When a gate condition is not met:

  1. Console output shows failure message:

    ✗ FAILED (0.72/1.00 avg, 72.0% pass rate)
    Gate check failed: avg_score (0.72) not >= 0.80
  2. Exit code is 1 (non-zero indicates failure):

    $letta-evals run suite.yaml
    >echo $? # Prints 1 if gate failed
  3. Results JSON includes gate_passed: false:

    1{
    2 "gate_passed": false,
    3 "gate_check": {
    4 "metric": "avg_score",
    5 "value": 0.72,
    6 "threshold": 0.80,
    7 "operator": "gte",
    8 "passed": false
    9 },
    10 "metrics": { ... }
    11}
  4. All other data is preserved - you still get full results, scores, and trajectories even when gating fails

Common use case in CI:

$#!/bin/bash
>letta-evals run suite.yaml --output results.json
>
>if [ $? -ne 0 ]; then
> echo "❌ Agent evaluation failed - blocking merge"
> exit 1
>else
> echo "✅ Agent evaluation passed - safe to merge"
>fi

Required Fields

metric_key

Which grader to evaluate. Must match a key in your graders section:

1graders:
2 accuracy: # Grader name
3 kind: tool
4 function: exact_match
5 extractor: last_assistant
6
7gate:
8 metric_key: accuracy # Must match grader name above
9 op: gte # >=
10 value: 0.8 # 80% threshold

If you only have one grader, metric_key can be omitted - it will default to your single grader.

metric

Which aggregate statistic to compare.

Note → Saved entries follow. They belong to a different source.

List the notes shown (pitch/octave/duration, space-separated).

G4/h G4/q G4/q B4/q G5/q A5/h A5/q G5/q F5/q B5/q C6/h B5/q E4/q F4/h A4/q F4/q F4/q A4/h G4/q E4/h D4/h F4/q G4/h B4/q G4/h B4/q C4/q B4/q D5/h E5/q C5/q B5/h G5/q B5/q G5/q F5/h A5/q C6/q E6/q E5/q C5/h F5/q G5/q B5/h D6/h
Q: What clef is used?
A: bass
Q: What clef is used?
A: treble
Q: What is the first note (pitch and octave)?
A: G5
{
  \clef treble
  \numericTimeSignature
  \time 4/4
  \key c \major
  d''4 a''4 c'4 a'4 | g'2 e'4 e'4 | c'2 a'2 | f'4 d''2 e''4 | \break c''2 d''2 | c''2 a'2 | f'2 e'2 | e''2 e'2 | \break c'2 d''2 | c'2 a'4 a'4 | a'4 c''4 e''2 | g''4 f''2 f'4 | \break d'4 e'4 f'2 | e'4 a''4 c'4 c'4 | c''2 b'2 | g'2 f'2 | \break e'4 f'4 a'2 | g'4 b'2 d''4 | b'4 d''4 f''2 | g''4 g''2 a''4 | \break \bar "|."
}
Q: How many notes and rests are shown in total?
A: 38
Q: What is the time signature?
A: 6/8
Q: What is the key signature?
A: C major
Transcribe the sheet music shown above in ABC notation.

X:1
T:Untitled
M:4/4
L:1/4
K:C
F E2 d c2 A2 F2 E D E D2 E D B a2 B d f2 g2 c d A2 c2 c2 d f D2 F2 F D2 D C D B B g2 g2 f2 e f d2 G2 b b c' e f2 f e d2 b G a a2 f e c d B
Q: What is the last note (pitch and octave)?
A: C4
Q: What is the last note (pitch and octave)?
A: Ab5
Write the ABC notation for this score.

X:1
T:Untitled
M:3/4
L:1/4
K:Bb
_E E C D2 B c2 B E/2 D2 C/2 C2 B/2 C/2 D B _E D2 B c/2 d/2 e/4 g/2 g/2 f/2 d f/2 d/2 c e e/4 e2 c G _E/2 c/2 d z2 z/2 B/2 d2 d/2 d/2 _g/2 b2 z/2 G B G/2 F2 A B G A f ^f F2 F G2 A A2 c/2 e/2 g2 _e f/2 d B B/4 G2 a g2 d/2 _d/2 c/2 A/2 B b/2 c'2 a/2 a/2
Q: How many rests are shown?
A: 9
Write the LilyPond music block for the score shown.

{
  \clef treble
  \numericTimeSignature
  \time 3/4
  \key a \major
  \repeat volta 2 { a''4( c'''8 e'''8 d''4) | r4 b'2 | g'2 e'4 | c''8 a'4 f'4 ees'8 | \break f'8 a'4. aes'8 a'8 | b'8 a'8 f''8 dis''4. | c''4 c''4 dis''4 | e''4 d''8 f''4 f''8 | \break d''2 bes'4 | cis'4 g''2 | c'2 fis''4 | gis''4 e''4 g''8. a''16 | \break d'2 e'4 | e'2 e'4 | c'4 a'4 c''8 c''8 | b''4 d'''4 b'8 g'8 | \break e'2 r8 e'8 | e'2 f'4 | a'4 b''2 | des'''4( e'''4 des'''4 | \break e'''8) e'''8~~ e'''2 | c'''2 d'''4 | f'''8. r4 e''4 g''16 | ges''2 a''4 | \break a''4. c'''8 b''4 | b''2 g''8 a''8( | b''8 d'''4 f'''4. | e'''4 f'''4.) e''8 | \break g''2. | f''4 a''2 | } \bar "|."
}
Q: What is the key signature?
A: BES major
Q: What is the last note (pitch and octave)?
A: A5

Two options:

avg_score

Average score across all samples (0.0 to 1.0):

1gate:
2 metric_key: quality # Check quality grader
3 metric: avg_score # Use average of all scores
4 op: gte # >=
5 value: 0.7 # Must average 70%+

Example: If scores are [0.8, 0.9, 0.6], avg_score = 0.77

accuracy

Pass rate as a percentage (0.0 to 1.0):

1gate:
2 metric_key: accuracy # Check accuracy grader
3 metric: accuracy # Use pass rate, not average
4 op: gte # >=
5 value: 0.8 # 80% of samples must pass

By default, samples with score >= 1.0 are considered “passing”.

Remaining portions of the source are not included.